On restart, queued dynamic destination jobs lose destination_params

pcm32 commented 6 years ago

Using the cli runner (LSF) with dynamic destinations, I notice that when the instance restarts the destination parameters of jobs that were left running or queued get scrambled. This leads to the the plugin parameter being lost and producing this error:

galaxy.jobs.runners ERROR 2018-11-12 20:28:07,243 [p:96911,w:1,m:0] [Dummy-2] Unhandled exception checking active jobs
Traceback (most recent call last):
  File "lib/galaxy/jobs/runners/__init__.py", line 594, in monitor
    self.check_watched_items()
  File "lib/galaxy/jobs/runners/cli.py", line 152, in check_watched_items
    job_states = self.__get_job_states()
  File "lib/galaxy/jobs/runners/cli.py", line 204, in __get_job_states
    shell, job_interface = self.get_cli_plugins(shell_params, job_params)
  File "lib/galaxy/jobs/runners/cli.py", line 40, in get_cli_plugins
    return self.cli_interface.get_plugins(shell_params, job_params)
  File "lib/galaxy/jobs/runners/util/cli/__init__.py", line 57, in get_plugins
    job_interface = self.get_job_interface(job_params)
  File "lib/galaxy/jobs/runners/util/cli/__init__.py", line 70, in get_job_interface
    raise ValueError(ERROR_MESSAGE_NO_JOB_PLUGIN)
ValueError: No job plugin parameter found, cannot create CLI job interface

(line numbers might be a bit off, as I had some log statements here or there). This error brings down the entire check_watched_items loop of the runner, which in turns means that no new jobs are detected to be running (they get submitted fine to the scheduler and they run, but for Galaxy they stay in queued state).

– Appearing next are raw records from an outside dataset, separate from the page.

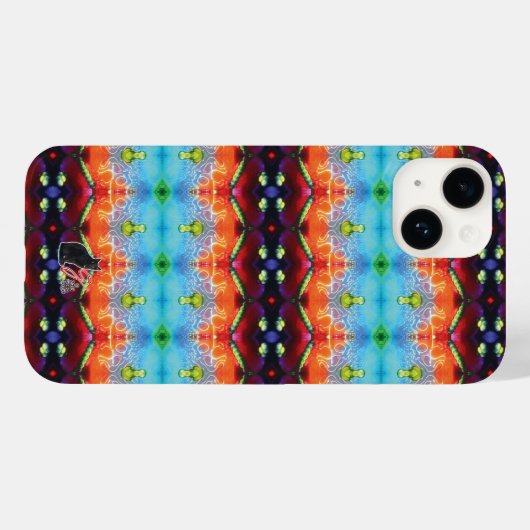 オービットKCFX Case-Mate iPhoneケース (裏面 (横))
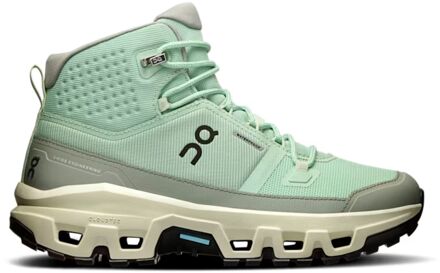 ON Cloudrock Mid WP Wandelsneakers Dames 42.5 Groen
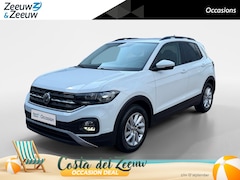 Volkswagen T-Cross - 1.0 TSI Life | Zeer nette auto | Unieke kilometerstand | 1e Eigenaar | Adaptieve cruise co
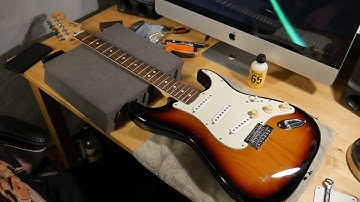 How To Replace Pickguard on Fender Stratocaster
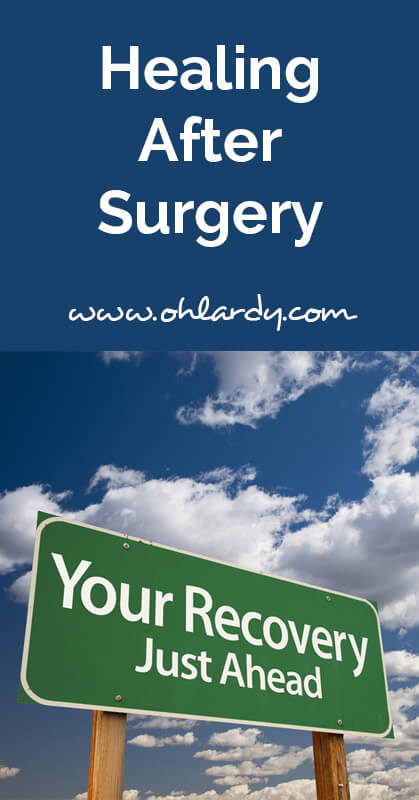 Healing after surgery - ohlardy.com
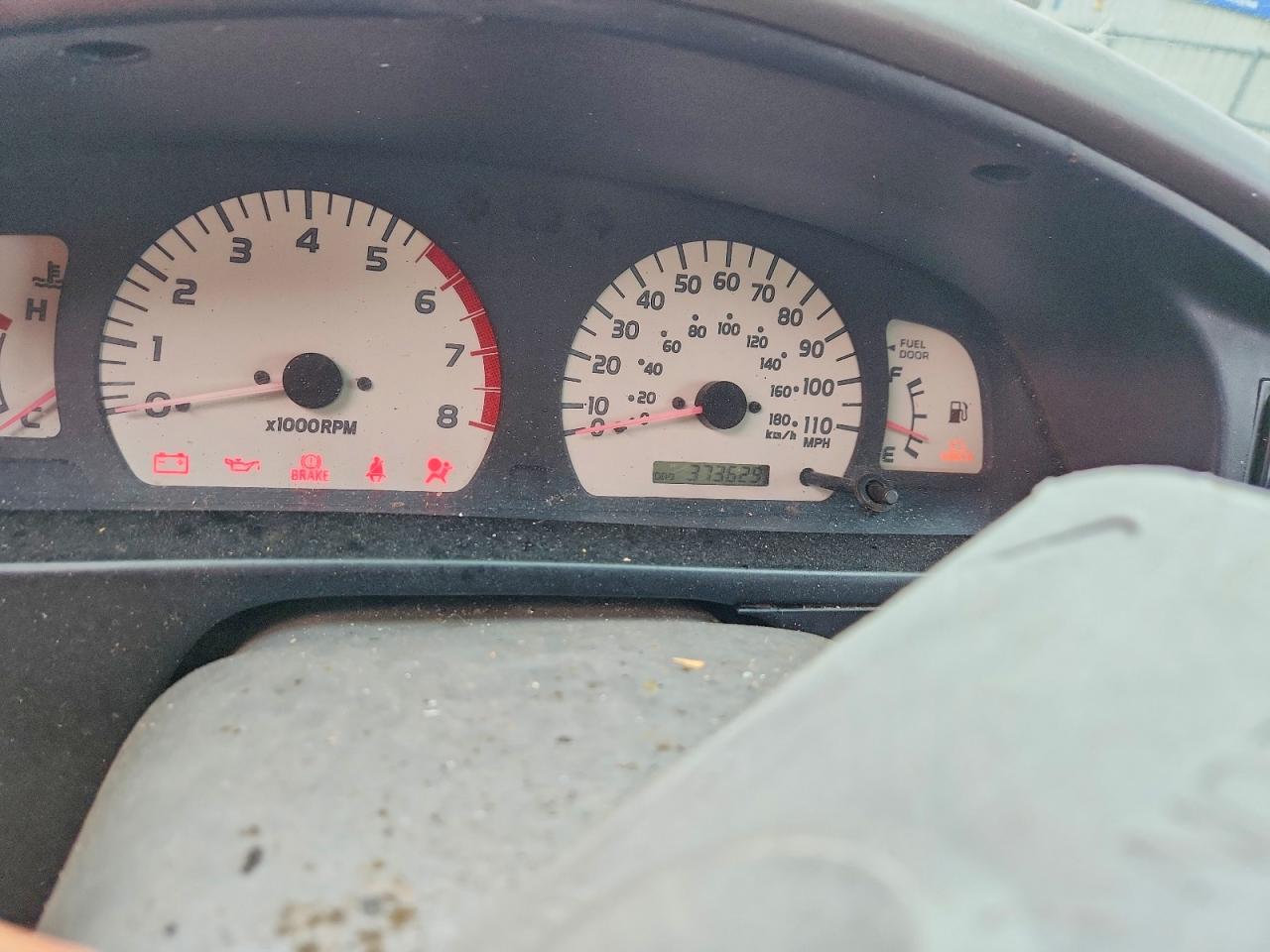 2001 Toyota Tacoma Deluxe Silver vin: 5TEGM92N61Z863578
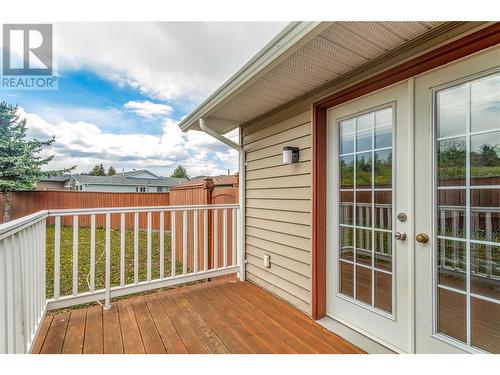 3810 Commonage Crescent, Vernon, BC - Outdoor With Deck Patio Veranda With Exterior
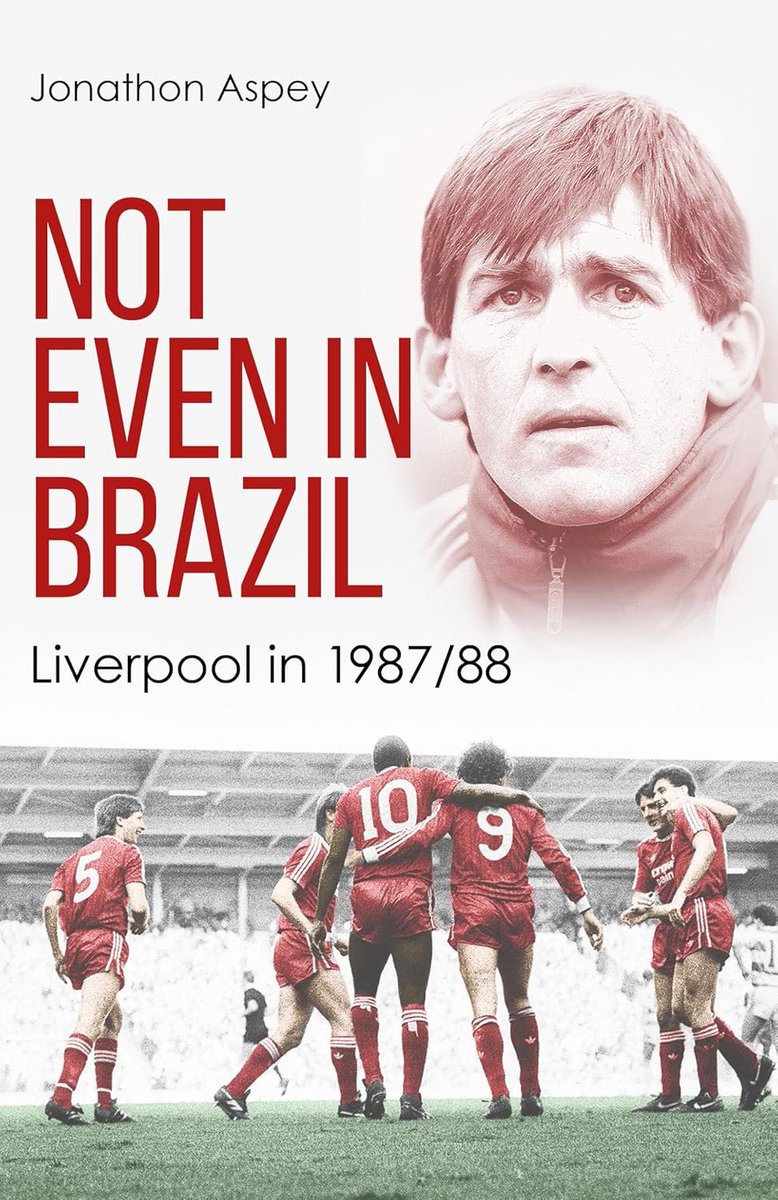 "Not Even in Brazil: Liverpool in 1987/88" by <a href="/jlaspey/">Jonathon Aspey</a> 
The story of one of the greatest teams in both Liverpool FC &amp; British football history – a side whose superb style of play Sir Tom Finney believed couldn't be bettered, 'not even in Brazil'.
More:📕amzn.to/46gRuUC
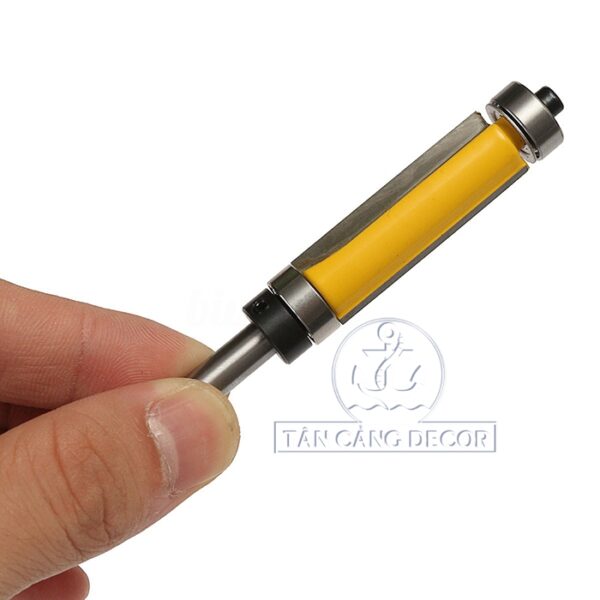 Mũi Router Phay Thẳng Bi Trên – Dưới 37mm Cốt 6.35 mm - Ảnh 5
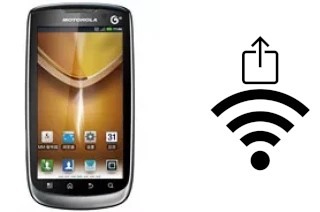 Generar QR con la clave Wifi en un Motorola MOTO MT870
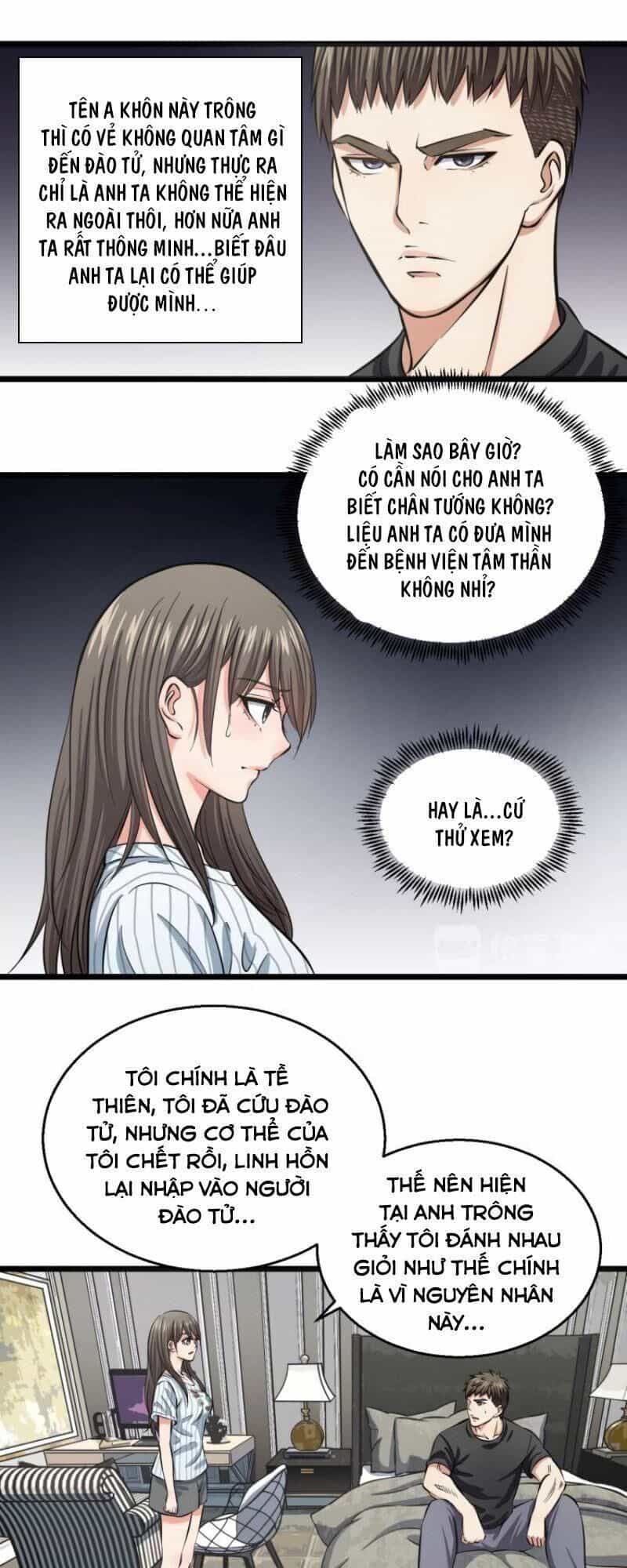 Đối Mặt Với Thử Thách - Chương 11 - ảnh 38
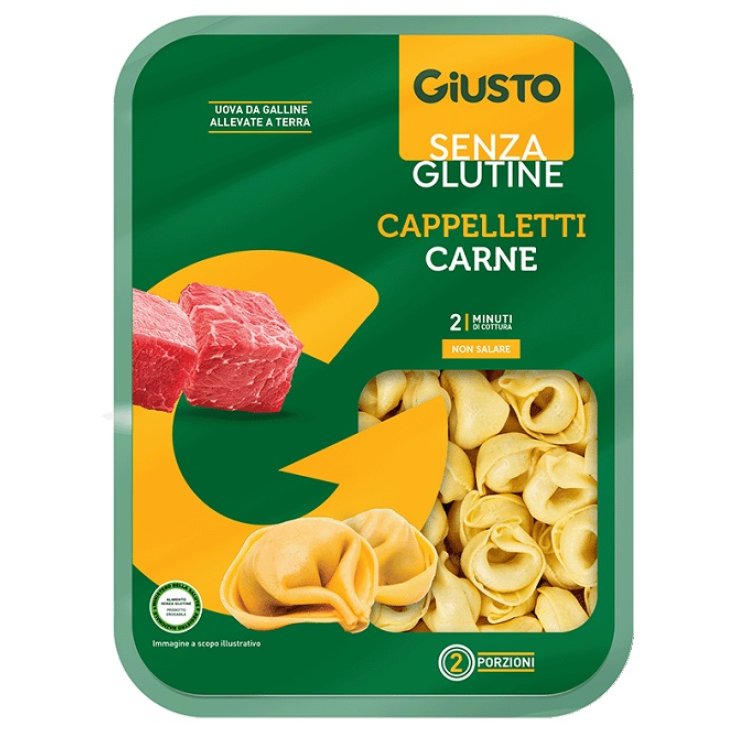 GIUSTO S/G Pasta Cappell.Carne GIUSTO S/G Pasta Cappell.Carne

My current hypothesis is that on restart, the URL of the job is used to reconstruct it, and in that process the parameters for the dynamic destination related jobs gets scrambled. You can notice after restart in the database that the job.destination_params field gets shortened to something like \x7b7d. Before restart, the same field in the DB, for the same job, looks a lot longer. So I guess the parameters should be somehow rescued from the database before the URL-reconstructed destination is persisted to the database on restart.

The following error seems to be related to the url to destination issue:

galaxy.jobs.handler ERROR 2018-11-16 09:38:28,694 [p:178352,w:1,m:0] [MainThread] Unable to convert legacy job runner URL 'cli' to job destination, destination will be the 'cli' runner with no params
Traceback (most recent call last):
  File "lib/galaxy/jobs/handler.py", line 907, in url_to_destination
    return self.job_runners[runner_name].url_to_destination(url)
  File "lib/galaxy/jobs/runners/cli.py", line 44, in url_to_destination
    shell_params, job_params = url.split('/')[2:4]
ValueError: need more than 0 values to unpack

pcm32 commented 5 years ago

I'm still seeing this unfortunately....

pcm32 commented 5 years ago

@mvdbeek I remember you mentioned something that you wanted me to print the value for, I thought you wrote it here, but now I cannot find it. Sorry I only got back to this now. Thanks.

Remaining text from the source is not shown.